Almost from the day the Warren Commission published its report, its decision to omit those vital X-rays and photographs has been under attack. Only that physical evidence, say the critics, can finally resolve the debate over how many bullets struck the President, where they came from, and where they went - the central questions in the argument over how many assassins opened fire in Dealey Plaza.

More than one critic has charged that the autopsy record in the Warren Report is not the original autopsy, but has been changed to conform with the Commission's theories...

It seems to CBS News that one of the most serious errors made by the Warren Commission was its decision not to

look at those photographs and X-rays, an error now compounded. For the Kennedy family, which had possession of the autopsy pictures, agreed last year to donate them to the National Archives, but only with the stipulation that the pictures be locked away for five years - with only certain authorized government personnel allowed to see them.

Now, no one would propose that those grim and tragic relics be made generally available, to be flashed across television screens and newspaper pages. But in view of their crucial bearing on the entire assassination we believe that those films should now be made available for independent examination by expert pathologists, with the high qualifications of Captain Humes - but without his status as a principal in the case.

There is one further piece of evidence which we feel must now be made available to the entire public: Abraham's Zapruder's film of the actual assassination. The original is now the private property of Life magazine. A Life executive refused CBS News permission to show you that film at any price, on the grounds that it is "an invaluable asset of Time, Inc." although these broadcasts have demonstrated that the film may contain vital undiscovered clues to the assassination.

Life's decision means you cannot see the Zapruder film in its proper form, as motion picture film. We believe that the Zapruder film is an invaluable asset, not of Time, Inc. - but of the people of the United States.

(30) John J. McCloy, The Warren Report: Part 2, CBS Television (28th June, 1967)

There have been a number of suggestions that the Commission, for example, was only motivated by a desire to put - to make things quiet, so as to give comfort to the Administration, or give comfort to the people of the country, that there was nothing vicious about this. Well, that wasn't the attitude that we had at all.

I know what my attitude, when I first went down, I was convinced that there was something phony between the Ruby and the Oswald affair, that forty-eight hours after the assassination, here's this man shot in the police station. I was pretty skeptical about that. But as time went on and we heard witnesses and weighed the witnesses - but just think how silly this charge is.

Here we were seven men, I think five of us were Republicans. We weren't beholden to any Administration. Besides that, we - we had our own integrity to think of. A lot of people have said that you can rely upon the distinguished character of the Commission. You don't need to rely on the distinguished character of the Commission. Maybe it was distinguished, and maybe it wasn't. But you can rely on common sense.
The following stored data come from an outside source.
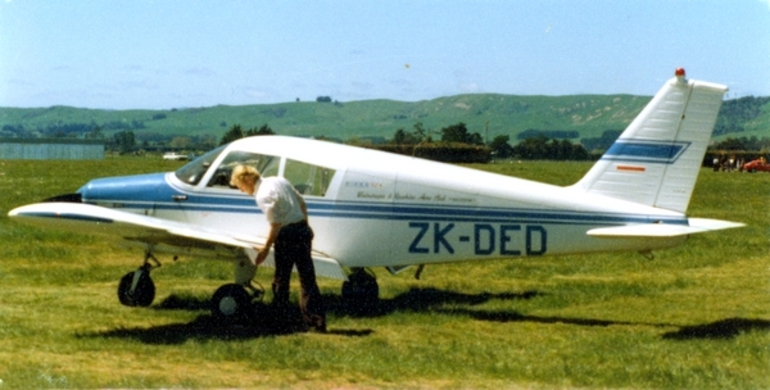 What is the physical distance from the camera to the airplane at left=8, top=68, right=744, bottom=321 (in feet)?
30.7

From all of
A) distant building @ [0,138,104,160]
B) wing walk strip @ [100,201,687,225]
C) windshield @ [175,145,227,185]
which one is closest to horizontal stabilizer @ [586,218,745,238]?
wing walk strip @ [100,201,687,225]

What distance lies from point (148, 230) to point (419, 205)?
9.34ft

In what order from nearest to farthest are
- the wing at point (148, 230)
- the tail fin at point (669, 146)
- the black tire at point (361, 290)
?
the wing at point (148, 230) → the tail fin at point (669, 146) → the black tire at point (361, 290)

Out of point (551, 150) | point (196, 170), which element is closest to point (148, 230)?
point (196, 170)

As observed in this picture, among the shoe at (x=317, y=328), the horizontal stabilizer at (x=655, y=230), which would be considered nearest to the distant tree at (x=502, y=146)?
the horizontal stabilizer at (x=655, y=230)

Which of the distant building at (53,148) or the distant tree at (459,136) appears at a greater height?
the distant tree at (459,136)

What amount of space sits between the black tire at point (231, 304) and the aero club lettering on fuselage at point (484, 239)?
1913 millimetres

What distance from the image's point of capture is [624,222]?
9.34 metres

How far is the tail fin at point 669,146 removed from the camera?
9.36 meters

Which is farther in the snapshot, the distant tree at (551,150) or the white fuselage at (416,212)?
the distant tree at (551,150)

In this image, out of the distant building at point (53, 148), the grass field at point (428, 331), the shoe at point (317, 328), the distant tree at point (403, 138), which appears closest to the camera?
the grass field at point (428, 331)

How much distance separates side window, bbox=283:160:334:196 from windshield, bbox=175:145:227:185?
95 cm

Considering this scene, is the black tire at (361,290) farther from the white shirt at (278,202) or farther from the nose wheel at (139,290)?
the white shirt at (278,202)

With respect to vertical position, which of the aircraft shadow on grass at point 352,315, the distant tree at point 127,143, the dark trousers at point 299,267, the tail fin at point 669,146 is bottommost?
the distant tree at point 127,143
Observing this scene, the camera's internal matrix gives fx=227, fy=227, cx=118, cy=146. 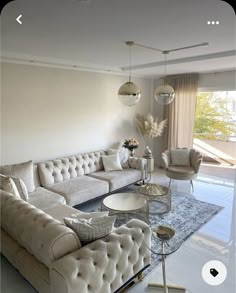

And you know that seven men aren't going to get together, of that character, and concoct a conspiracy, with all of the members of the staff we had, with all of the investigative agencies - it would have been a conspiracy of a character so mammoth and so vast that it transcends any - even some of the distorted charges of conspiracy on the part of Oswald.

I think that if there's one thing I would do over again, I would insist on those photographs and the X-rays having been produced before us. In the one respect, and only one respect there, I think we were perhaps a little oversensitive to what we understand was the sensitivities of the Kennedy family against the production of colored photographs of the body, and so forth.

But those exist. They're there. We had the best evidence in regard to that-the pathology in respect to the President's wounds. It was our own choice that we didn't subpoena these photographs, which were then in the hands of the Kennedy family. I say, I wish-I don't think we'd have subpoenaed them. We could have gotten - Mr. Justice Warren was talking to the Kennedy family about that at that time. I thought that he was really going to see them, but it turned out that he hadn't.